# [YOUR ASSIGNMENT]
Could you copy the records below exactly, keeping none of the images?

── DATA TO EXAMINE ──

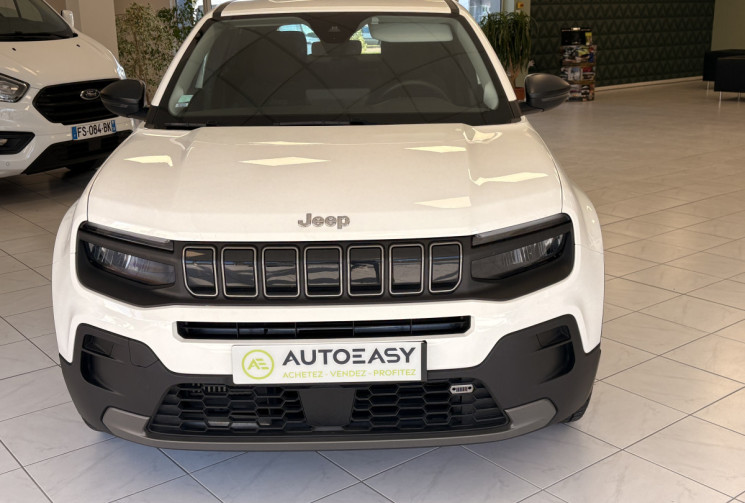 Jeep Avenger 1.2 T3 100 CV ALTITUDE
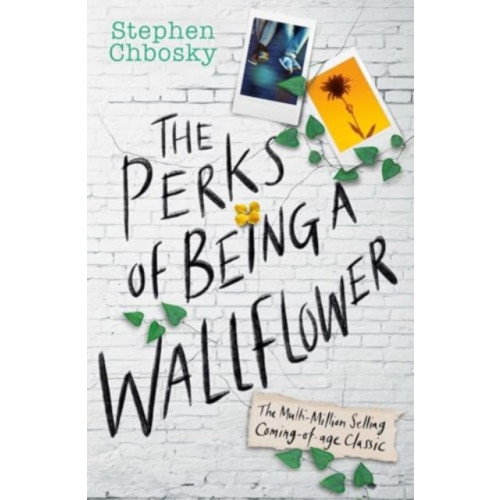 Simon & Schuster Ltd The Perks of Being a Wallflower YA Edition (häftad, eng)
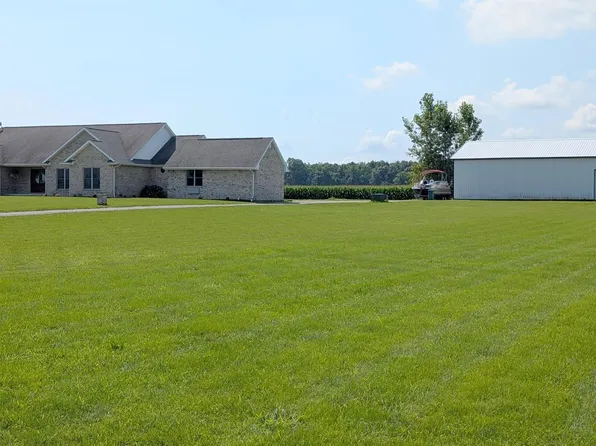 3680 W 550 N, Uniondale, IN 46791
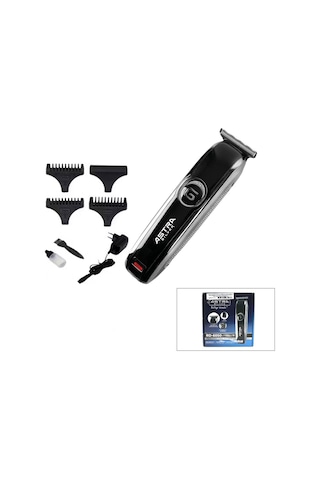 Astra Sılver Dıngılg Rd-6050 Saç Sakal Kesme Ve Traş Makinesi 8 Saat Şarj 60dk.kullanım G-power Diğer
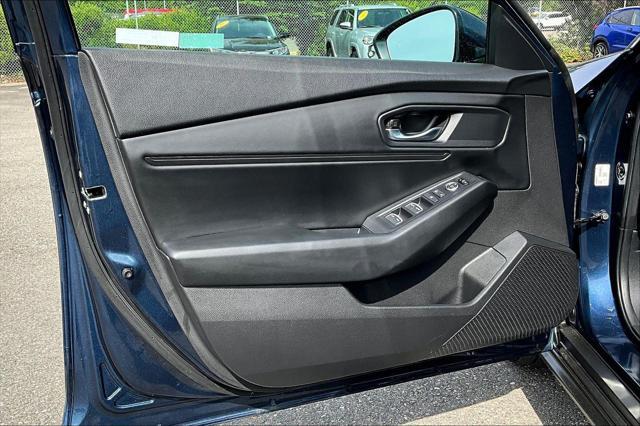 used 2024 Honda Accord car, priced at $26,977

───

# [EXERCISE ANSWER]
 Jeep Avenger 1.2 T3 100 CV ALTITUDE
 Simon & Schuster Ltd The Perks of Being a Wallflower YA Edition (häftad, eng)
 3680 W 550 N, Uniondale, IN 46791
 Astra Sılver Dıngılg Rd-6050 Saç Sakal Kesme Ve Traş Makinesi 8 Saat Şarj 60dk.kullanım G-power Diğer
 used 2024 Honda Accord car, priced at $26,977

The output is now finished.